- The problem: Within the entries below, please return exactly the lines from the one with "Handmade Miyuki Beaded" through the one with "ShaoYeYan Aomalm Diamond", leaving out any pictures.

- Input data:
== Segment start ==

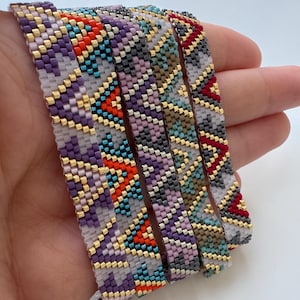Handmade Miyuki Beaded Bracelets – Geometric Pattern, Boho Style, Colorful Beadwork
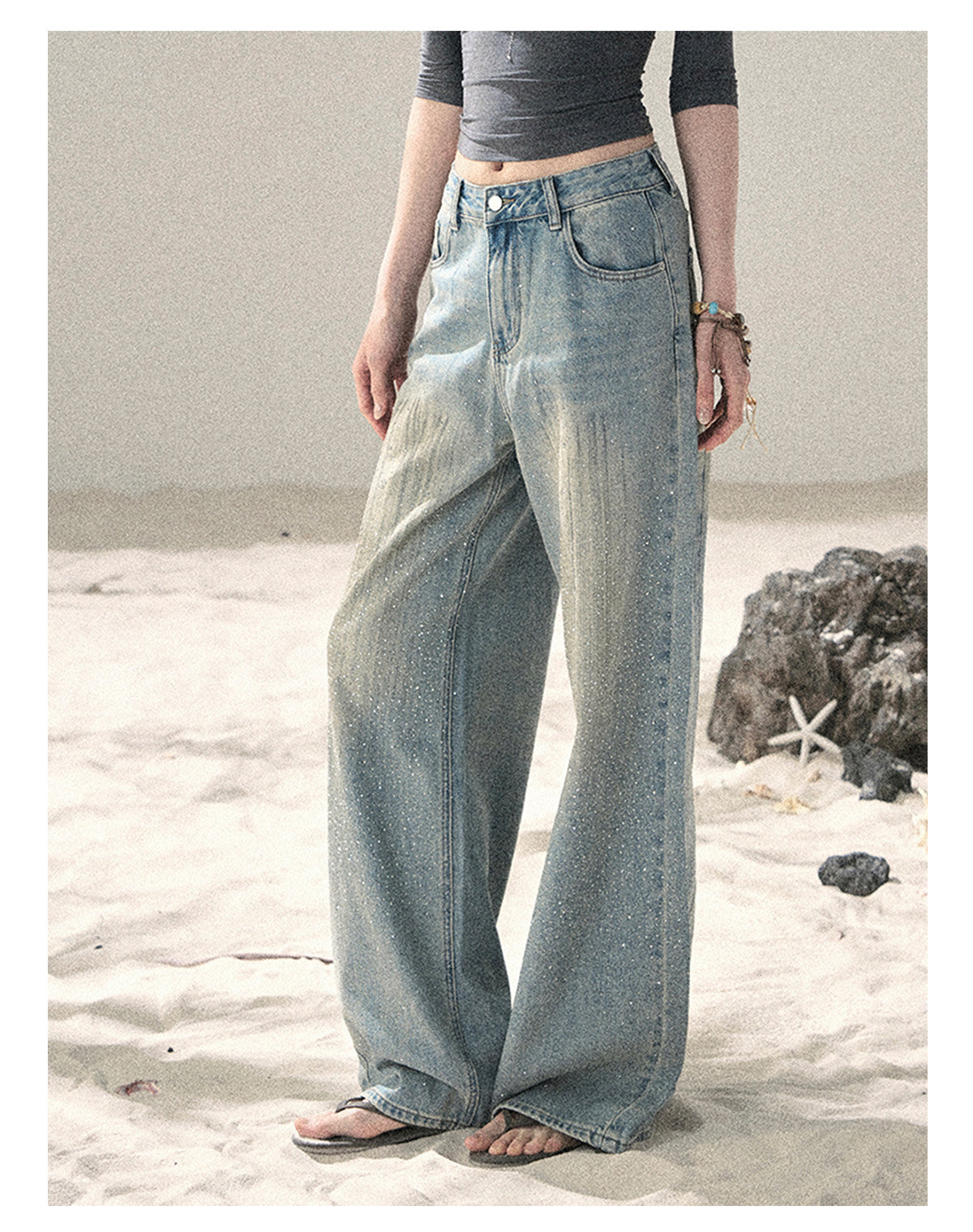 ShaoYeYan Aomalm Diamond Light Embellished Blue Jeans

== Segment end ==
== Segment start ==

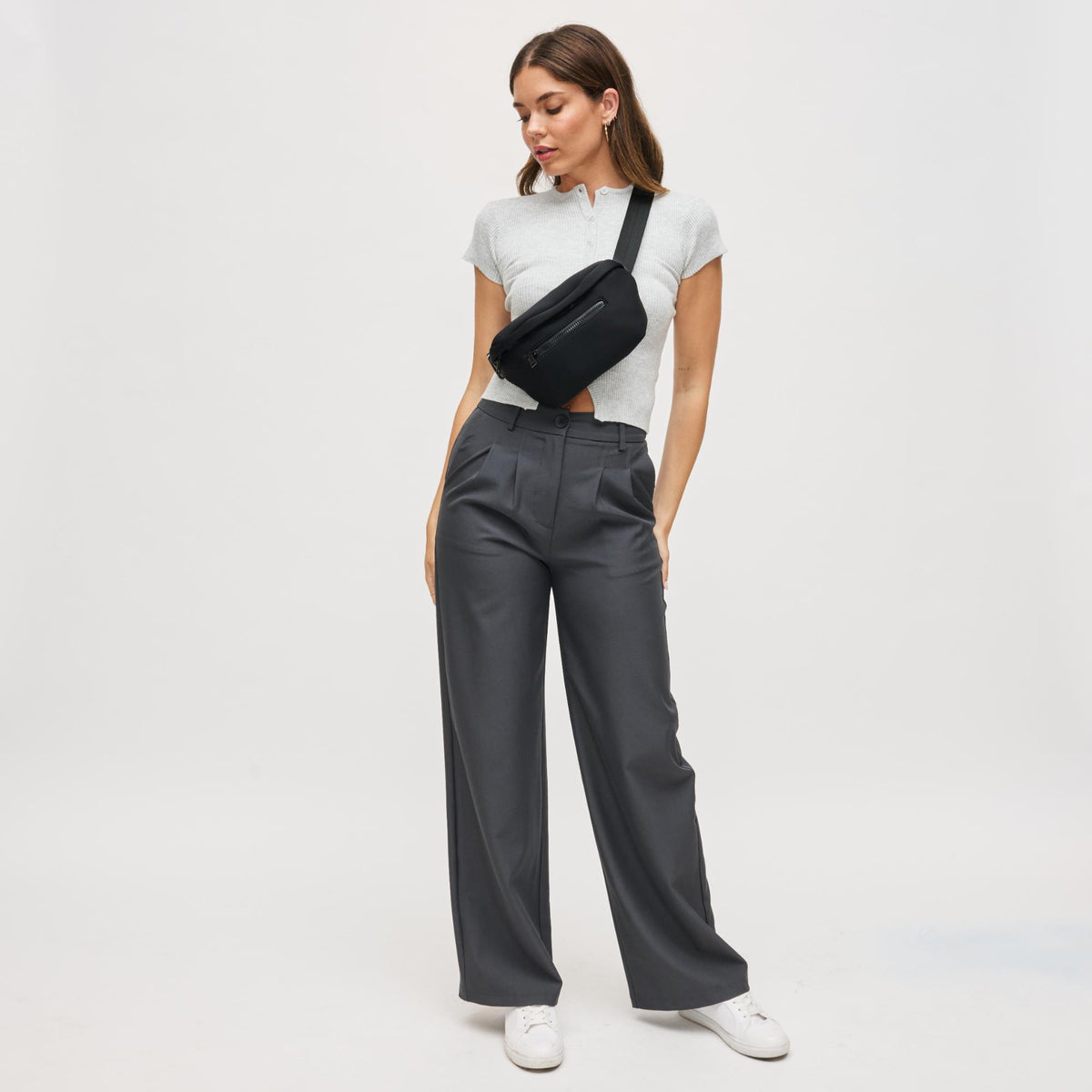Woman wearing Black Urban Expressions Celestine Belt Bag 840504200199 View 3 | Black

== Segment end ==

- Answer section:
Handmade Miyuki Beaded Bracelets – Geometric Pattern, Boho Style, Colorful Beadwork
 ShaoYeYan Aomalm Diamond Light Embellished Blue Jeans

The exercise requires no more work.